Het is algemeen bekend dat een kapper een nevenfunctie heeft als praatpaal annex maatschappelijk werker. Klanten praten doorgaans honderduit onder het beschermende laken in de kappersstoel. “Maar ik liet op mijn beurt ook veel van mezelf zien. Zo creëer je immers het snelst een vertrouwensband met je klanten.” Ruud vindt het dan ook niet erg dat de ‘ondergrens’ van zijn clientèle bij 50 jaar lag. “Maar ook die leeftijdscategorie stuurde ik met een modern kapsel naar huis. Opgeknipt met de tondeuse of de scheiding strak afgewerkt met een mesje, soms met een figuurtje erin. Om hen te belonen voor hun trouw naar mij toe, ging ik in geval van ziekte ook weleens bij hen thuis knippen of zelfs in het ziekenhuis.” Een goede hygiëne in de kapsalon heeft altijd hoog in zijn vaandel gestaan: “Elke dag dweilen en een schone kam voor iedere klant, daar ben ik nooit van afgeweken.”
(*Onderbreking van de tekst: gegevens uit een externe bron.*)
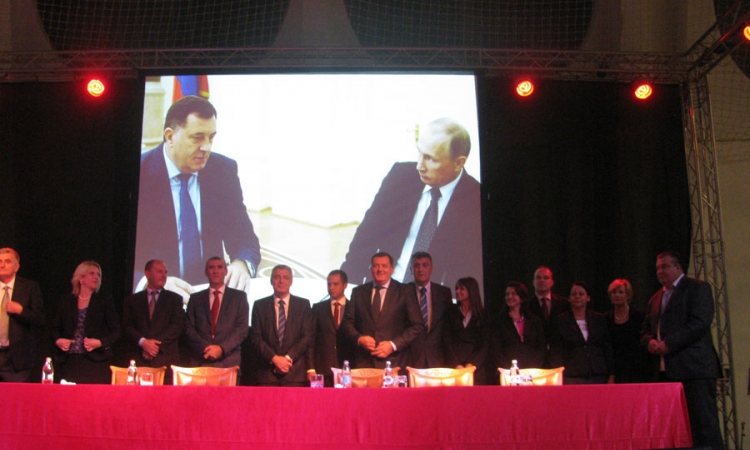 Dodik: Naši kandidati su udarna pesnica RS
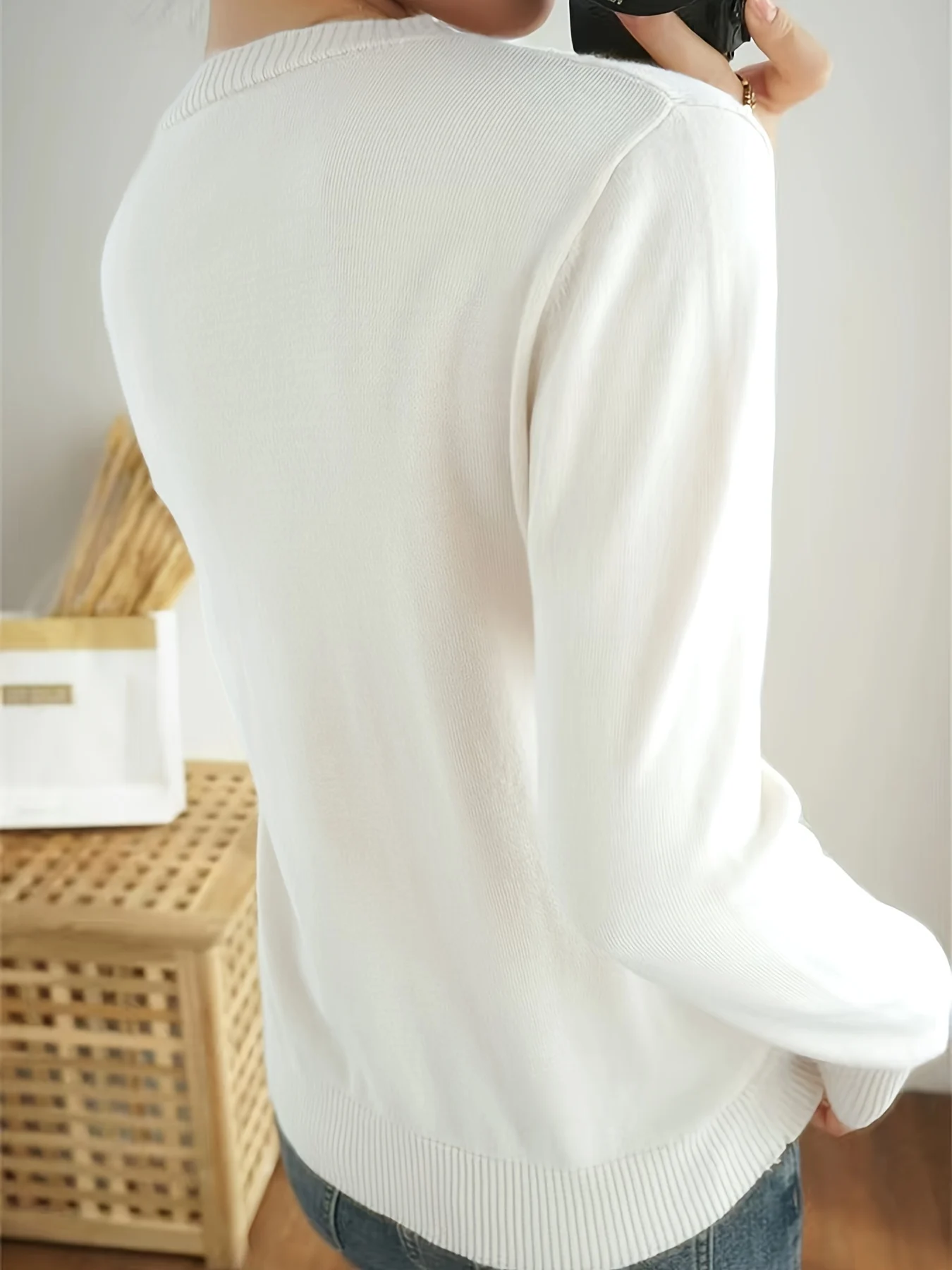 Women's Elegant Long Sleeve Ribbed Sweater - Round Neck Semi-Sheer Top with Moderate Stretch, All-Season Layering Essential, Solid Color Casual to Dressy Versatile Wardrobe Staple, Ladies Sweaters, Everyday Comfort Wear, Minimalistic Design, Quality Knitwear - 图片 5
Het contact met de klanten, Ruud mist het nu al. “Het bezig zijn met mensen gaf me zoveel voldoening. Het werkte voor mij zelfs ook therapeutisch. Als ik me een dag lichamelijk of mentaal slecht voelde en geen zin had om te gaan knippen, viel die ellende – eenmaal bezig – binnen het kwartier van me af. Letterlijk en figuurlijk.” Het spreekwoordelijke zwarte gat dreigt voor de uitermate sympathieke Apeldoorner. “Ik ga hier niet de rest van mijn leven boven in de flat zitten, dat is zeker. Sowieso pak ik het FysioFitness weer op bij Isokin voor een beetje afleiding. En een maat van me heeft me al geattendeerd op jeu de boules bij de Bronkerk in Ugchelen. Weer een ander tipte me voor de schaakvereniging. Ik ga het de komende tijd allemaal eens rustig op een rijtje zetten.”
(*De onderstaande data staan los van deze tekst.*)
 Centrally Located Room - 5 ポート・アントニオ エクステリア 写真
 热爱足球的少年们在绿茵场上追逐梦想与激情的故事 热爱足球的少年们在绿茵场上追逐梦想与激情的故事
Maar zelfs een gelegenheidsterugkeer op het kappersfront lijkt niet helemaal uitgesloten. In zijn woonkamer staat nota bene een nog fraai uitziende, uitmuntend functionerende kappersstoel. Met een knipoog: “Ik kan hier wel met mijn handen in het haar gaan zitten, maar ik ben simpelweg geknipt voor dit vak. Dan is en blijft een scheiding daarvan toch lastig, haha.”